Книга Хайда скрывает правду. Экономика дарения всегда опирается на базовые системы поддержки, которые зависят — во всяком случае, в современном социуме — от рынка. А это включает в себя сферу, к которой принадлежит и Хайд, и всегда принадлежал я: академическое сообщество. Хайд считает, что наука относится к экономике дарения (как и образование в целом), поскольку ученым не оплачивают публикацию их работ. На самом деле деньги они получают: косвенно — от университетов, в виде предоставленной им занятости, надбавок или повышений, которые причитаются за академические успехи. Однако за кулисами всегда ведутся переговоры между престижем и чеканной монетой: чем известнее ученый, тем больше вероятность, что ему хорошо заплатят. А университеты, в свою очередь, получают прибыль от платы за обучение, грантов, налогов и прочих денежных средств, которые в конечном счете генерируются рынком.

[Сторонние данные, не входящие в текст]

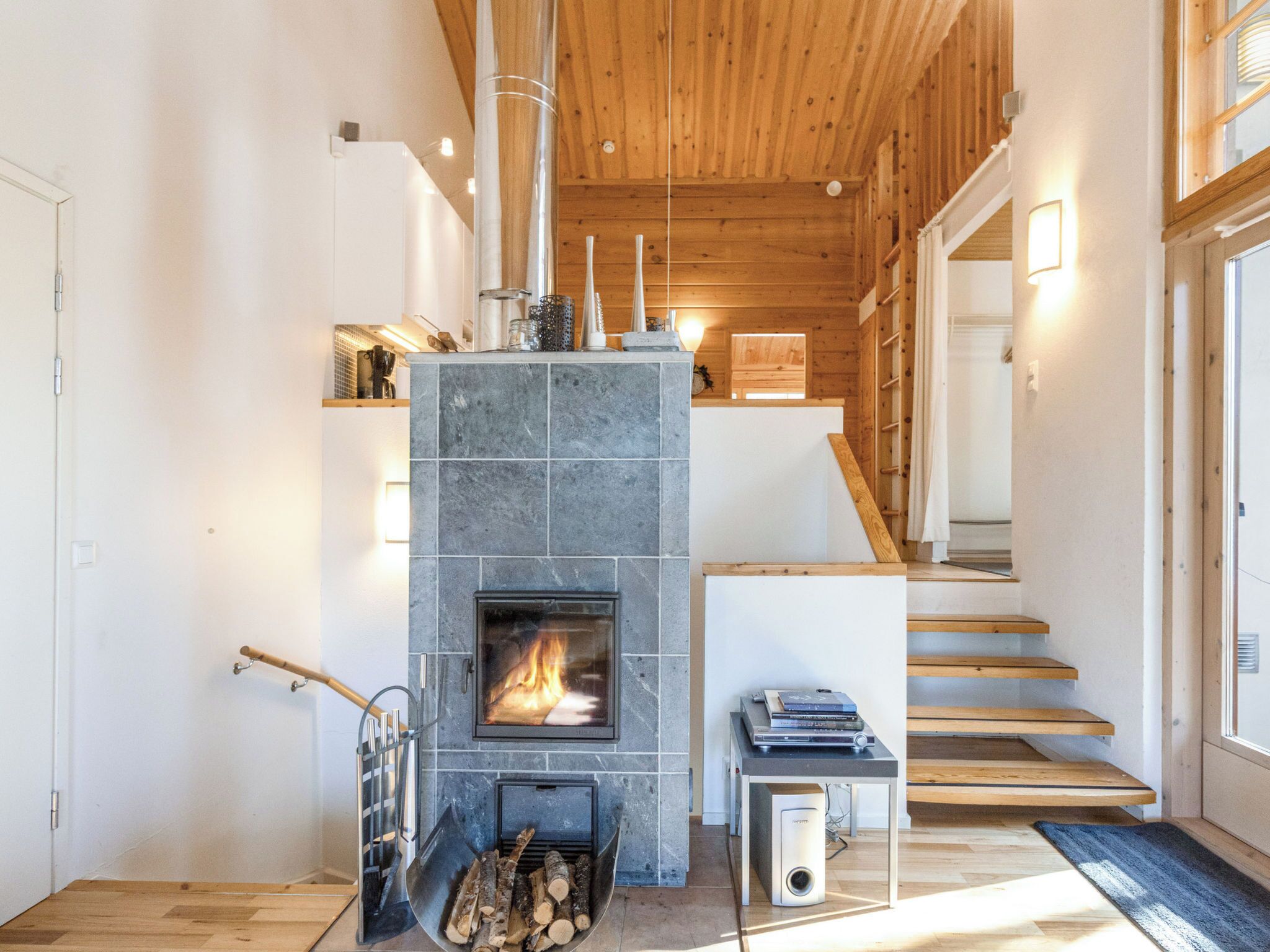 Un interno moderno con camino in pietra, scala in legno e un design minimalista.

Такие мистификации я постоянно видел в академических кругах, особенно когда аспиранты в моем институте пытались образовать профсоюз (поскольку их, как и представителей искусства, уже не раз поимели). Один профессор — у него был очень пафосный дом и еще один не менее помпезный — чуть ли не в обморок падал, когда заходила речь о деньгах в связи с научной работой. Деньги? Какие деньги? Деньги, какая пошлость! Суть была в том, что мы трудимся из любви к своему делу, а уж потом университет щедро вознаграждает нас на свое усмотрение. Ничего общего с рынком.

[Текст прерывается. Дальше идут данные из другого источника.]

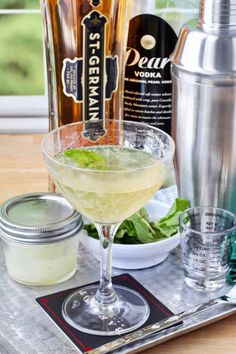 a drink in a glass sitting on top of a metal tray next to bottles and glasses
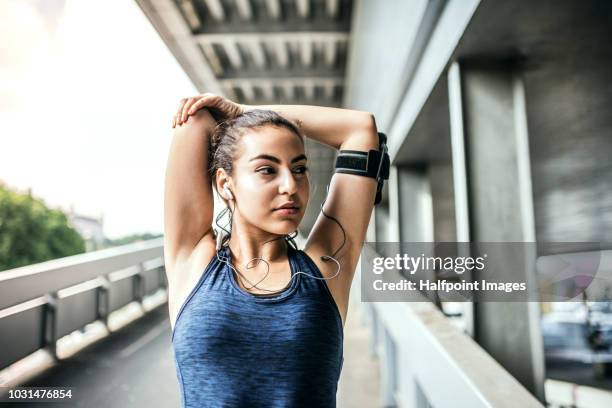 a young woman with smartphone in an arm band standing outdoors in the city, stretching. - sport armbinde stock-fotos und bilder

Таким образом, в искусстве — мире, наполненном профессионалами левых взглядов и неприбыльными организациями,— им и приходится как-то зарабатывать себе на жизнь. Статус, заработанный с помощью системы аттестаций, одним движением конвертируется в наличку. Писатель может ни копейки не получить со своего сборника стихов, чаще всего изданного некоммерческим издательством, но это повлияет на его профессиональный статус. Музей ничего не заплатит скульптору, но выставка позволит агенту поднять цену на работы. Гранты, премии, курсы, лекции, комиссионные — все это способы, которым учреждения отмывают для художников деньги, зачастую полученные от богатых спонсоров, заработавших эти средства не игрой в ладушки. Вам платят не за продажу, боже упаси, — только за то, что вы тот, кто есть, и делаете то, что делаете.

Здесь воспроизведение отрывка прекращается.